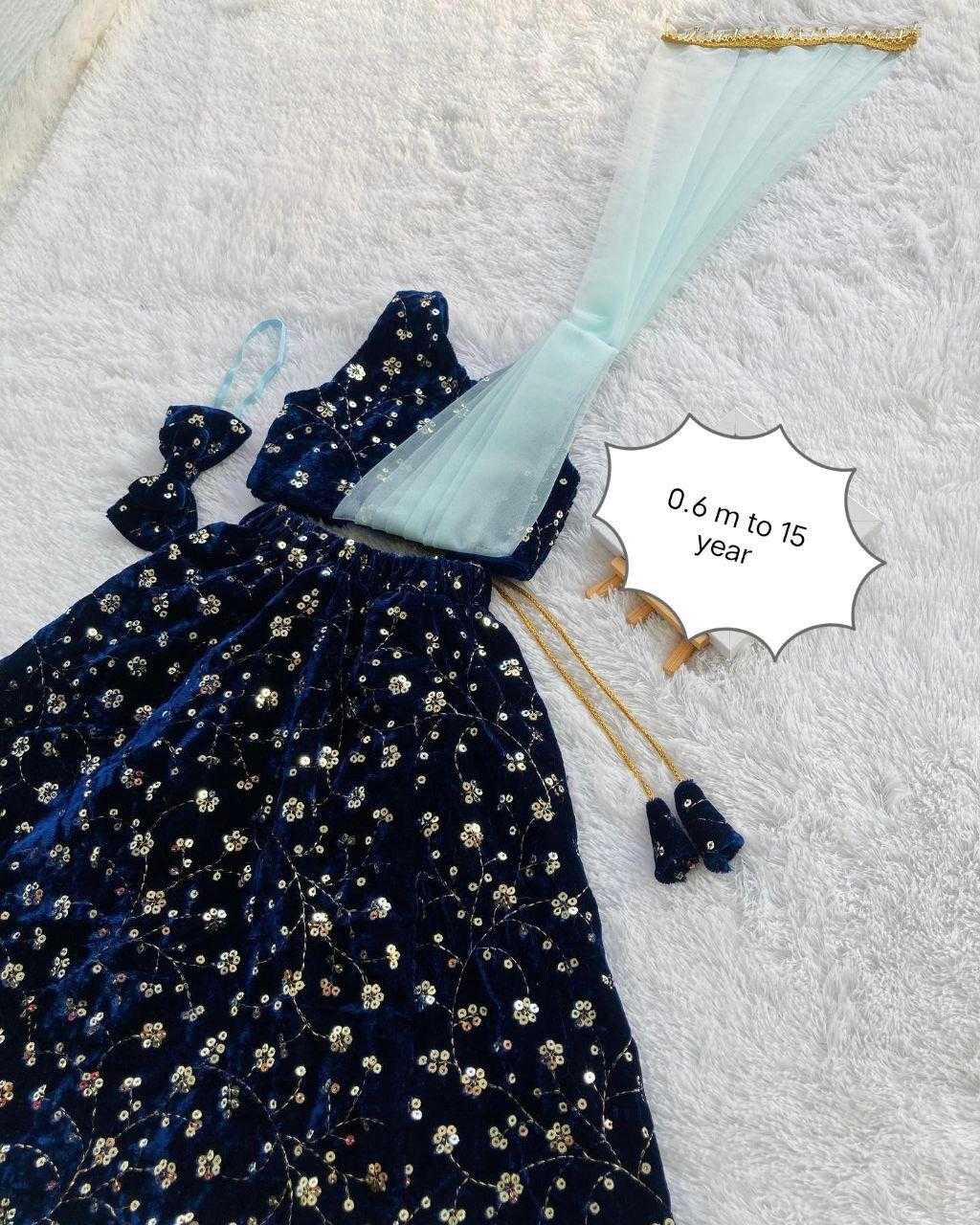 Ynf Cotton RIN235 BACK DORI Kids Wear Wholesale Kids Gown Kids Designer Frock Kids Party Wear Ethnic Manufacturer- Kids Exports
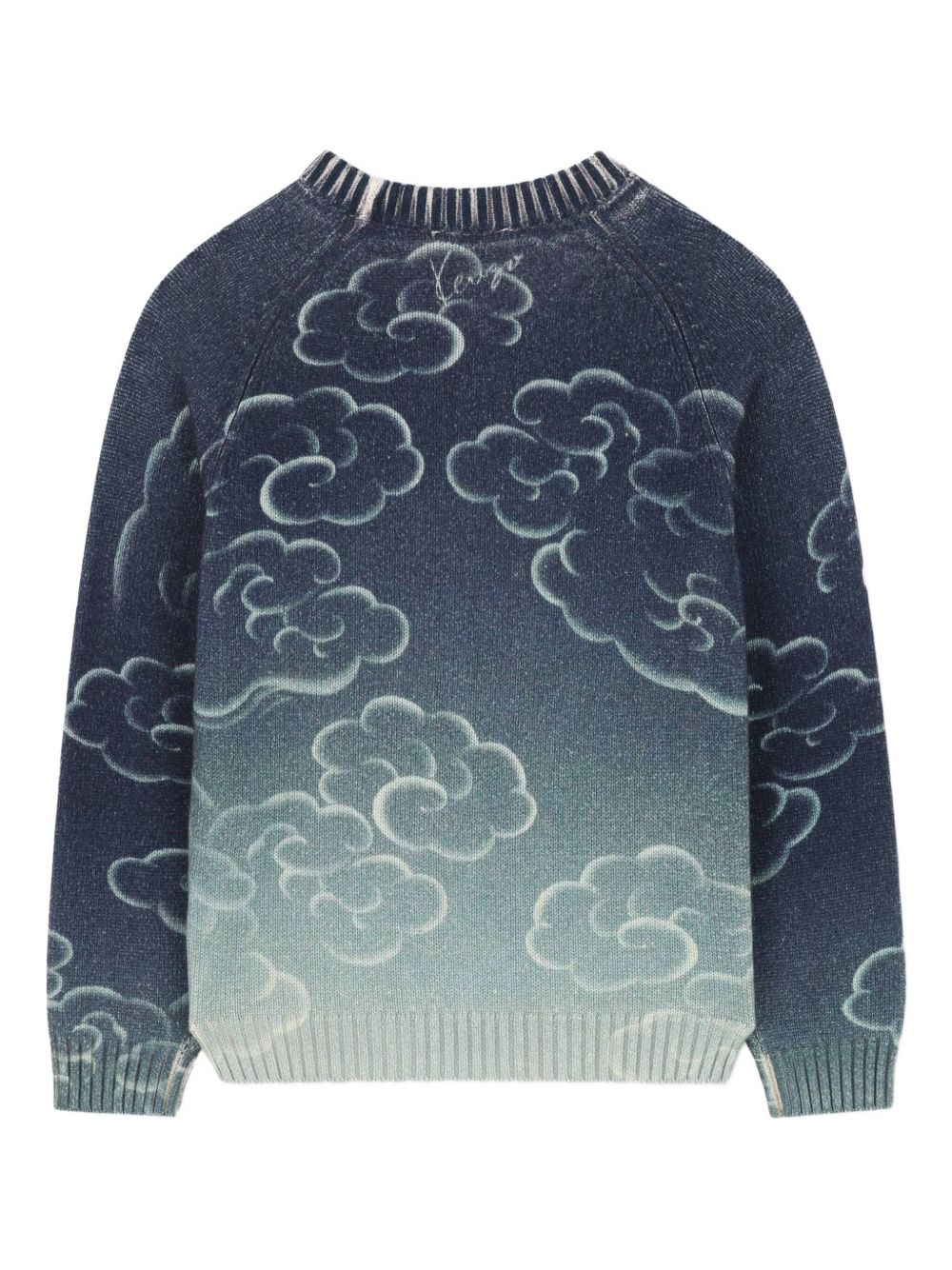 Maglione per bambino Kenzo Kids blu con motivo Tiger K61418 845 KENZO KIDS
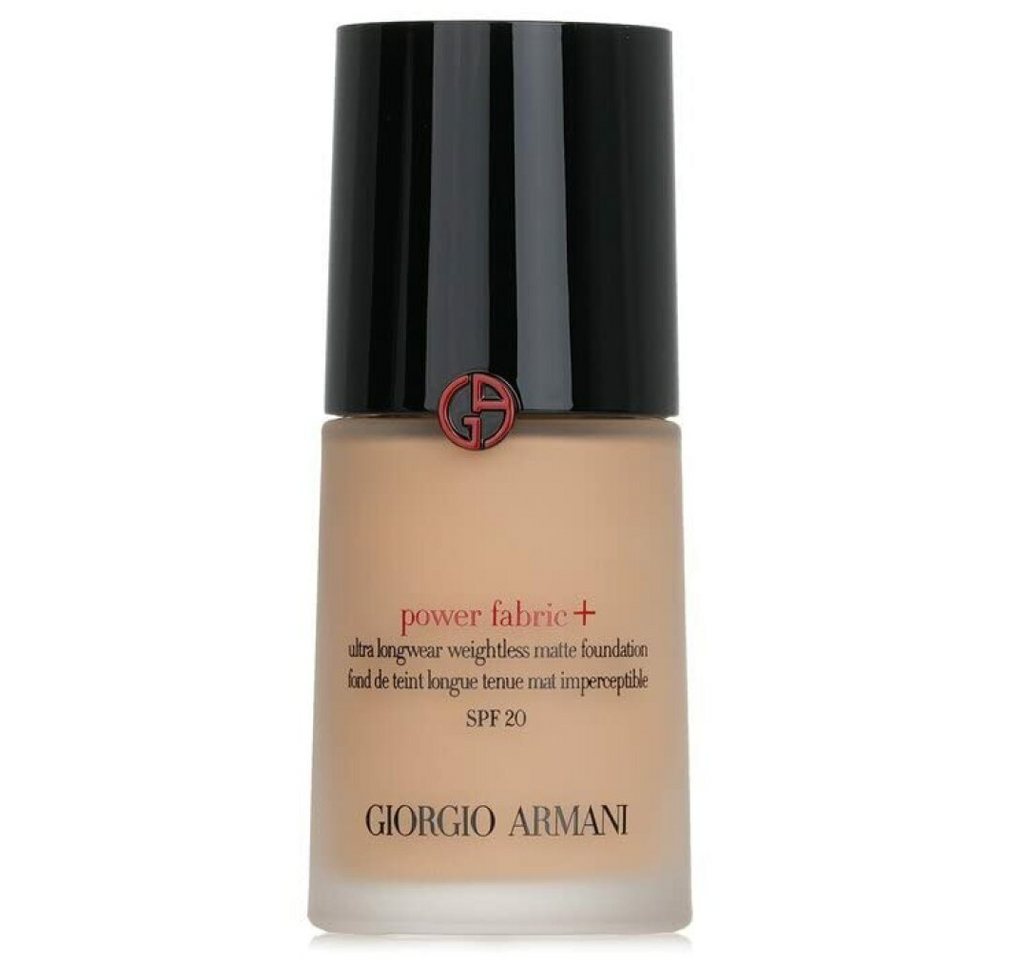 Giorgio Armani Foundation Armani Power Fabric+ Ultra Longwear Matte Foundation SPF20 von Giorgio Armani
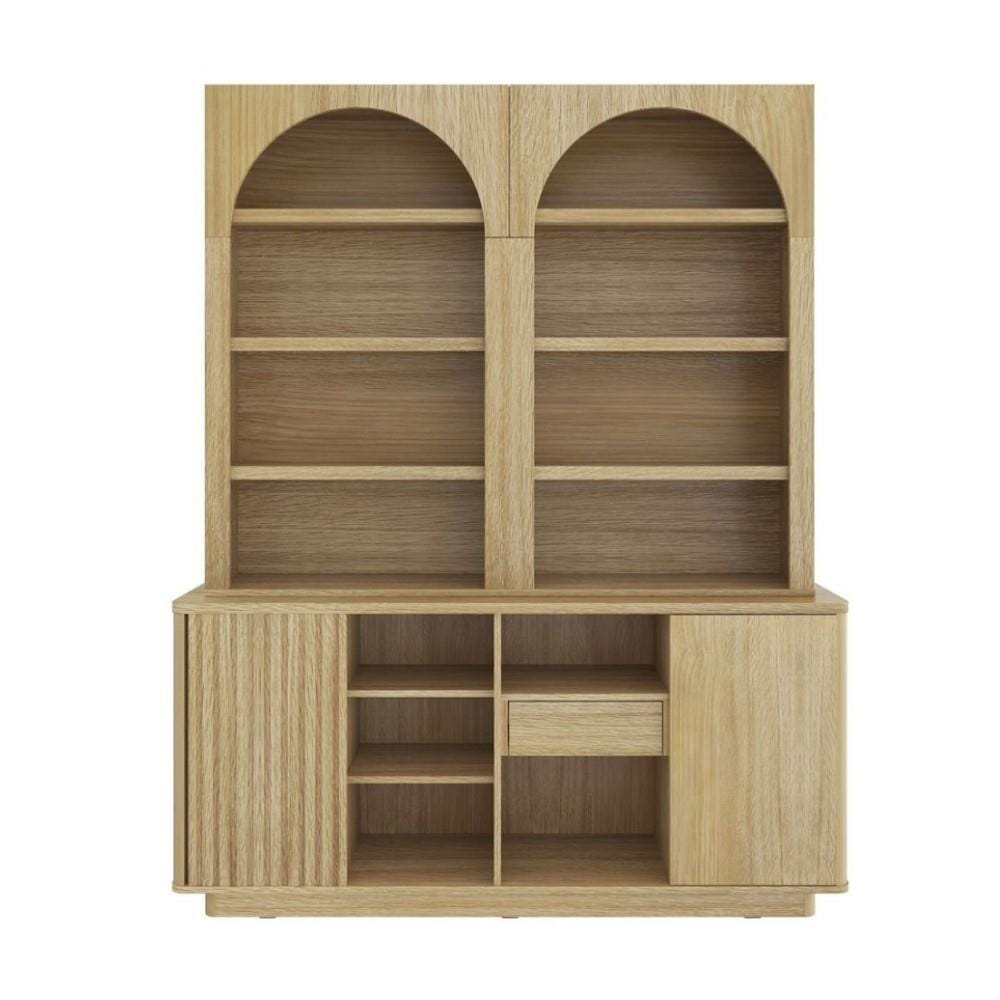 ตู้สูง บานผสม SB FURNITURE VALLEY 19242369 160 ซม. สีโอ๊ค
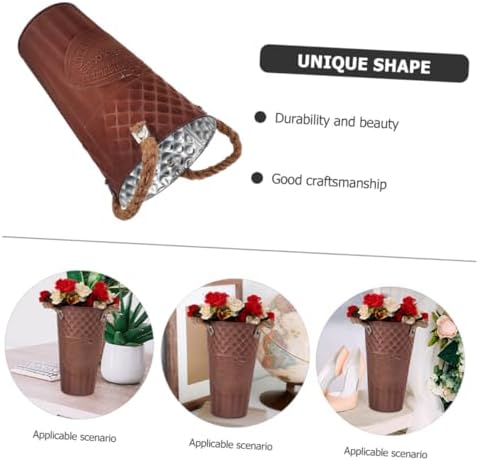 SUPVOX Retro Flower Vase Metal Pitcher for Decor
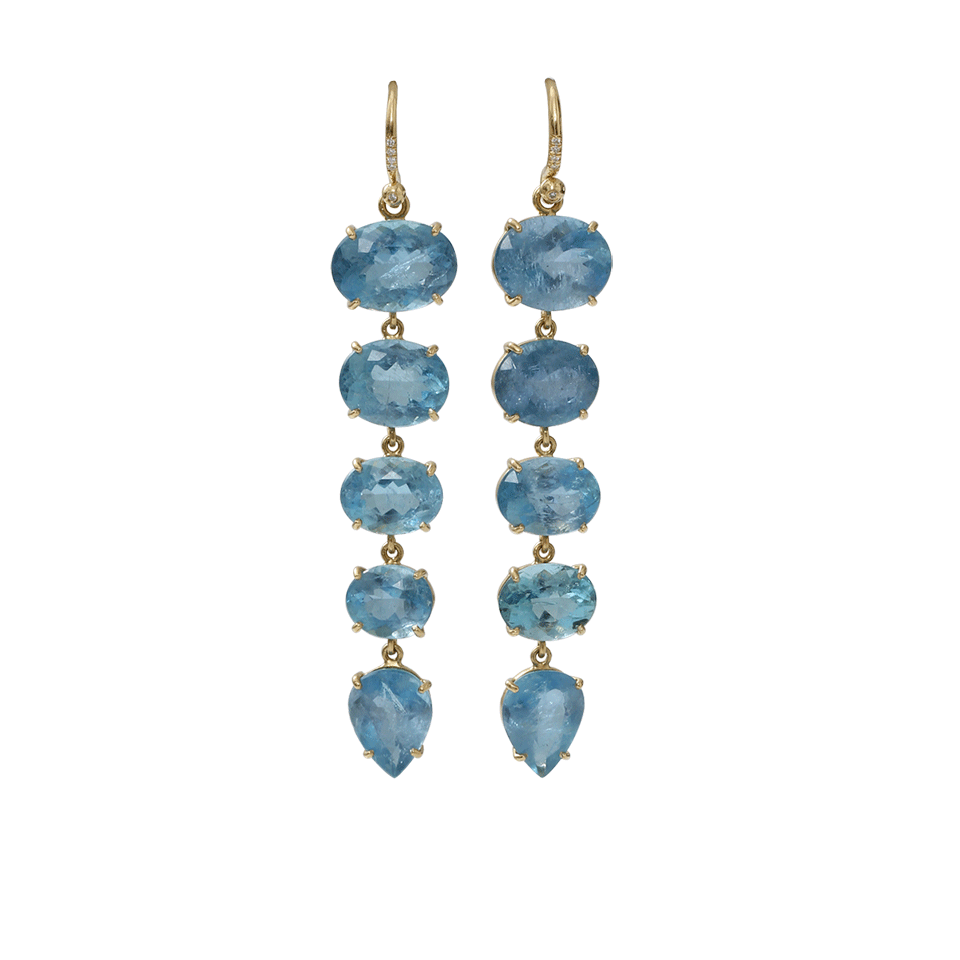 IRENE NEUWIRTH JEWELRY-Fine Aquamarine Drop Earrings-YELLOW GOLD
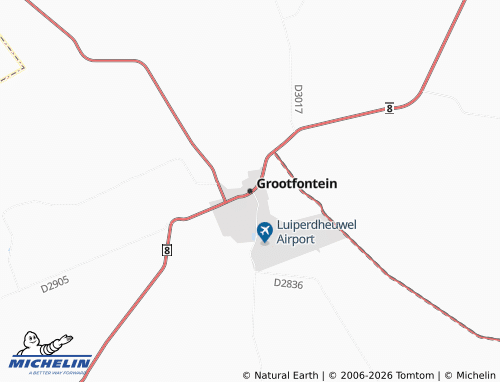 MICHELIN Grootfontein map - ViaMichelin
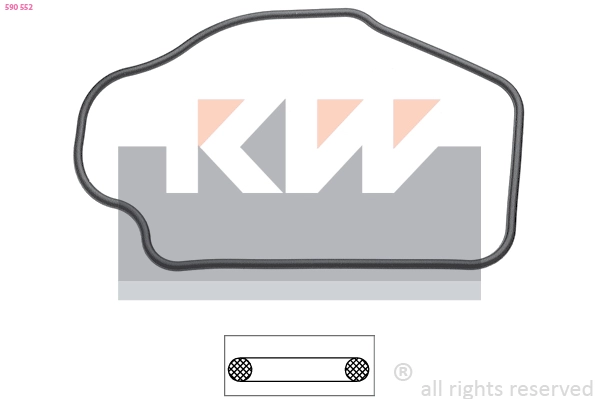 Seal, thermostat (590 552)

====

Look above for the line with "Maglione per bambino"; quote it and every line after it, stopping after the line with "ตู้สูง บานผสม SB", exactly, with nothing added and without pictures.

 Maglione per bambino Kenzo Kids blu con motivo Tiger K61418 845 KENZO KIDS
 Giorgio Armani Foundation Armani Power Fabric+ Ultra Longwear Matte Foundation SPF20 von Giorgio Armani
 ตู้สูง บานผสม SB FURNITURE VALLEY 19242369 160 ซม. สีโอ๊ค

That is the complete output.